- [PROVIDED DATA]
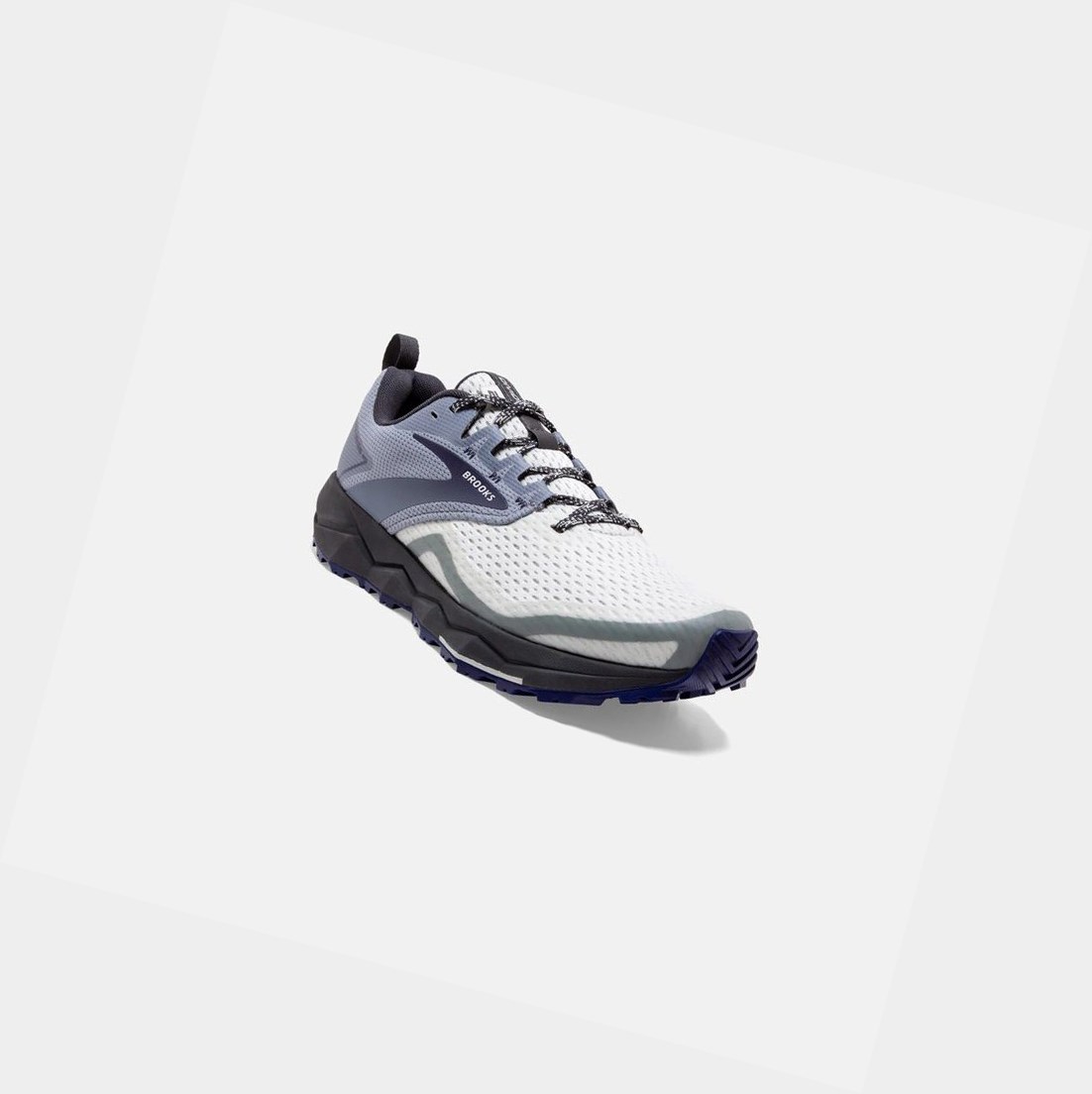 Chaussures Trail Brooks Divide 2 Femme Grise Bleu | IVYH94823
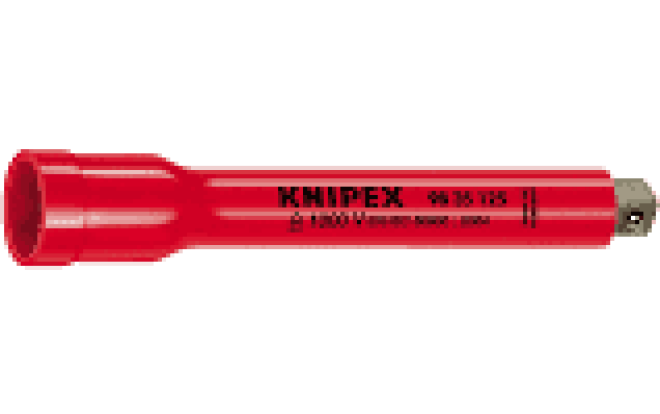 Knipex 9835125 VDE Verlengstuk met binnen- en buitenvierkant 3/8" - 125mm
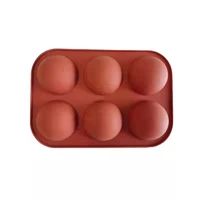 half sphere silicone soap molds bakeware cake decorating tools pudding jelly chocolate fondant mould ball biscuit baking mould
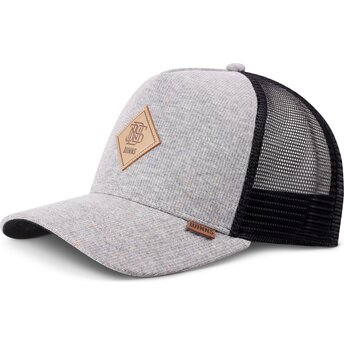 Casquette trucker grise et noire HFT JerseySpots Djinns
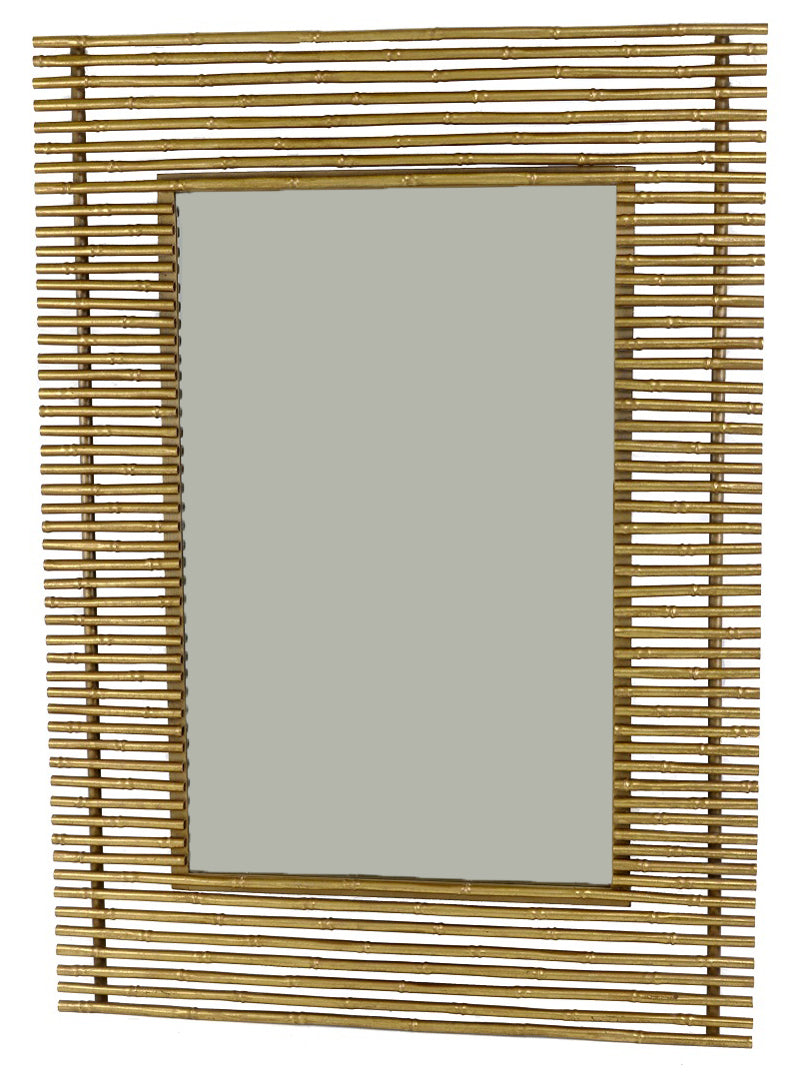 Gold Bamboo Wall Mirror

- [WORK TO COMPLETE] Pictures stay out; reproduce exactly the lines from the one containing "half sphere silicone" through the end of the data.

- [SOLUTION FOR THIS PROBLEM]
 half sphere silicone soap molds bakeware cake decorating tools pudding jelly chocolate fondant mould ball biscuit baking mould
 Casquette trucker grise et noire HFT JerseySpots Djinns
 Gold Bamboo Wall Mirror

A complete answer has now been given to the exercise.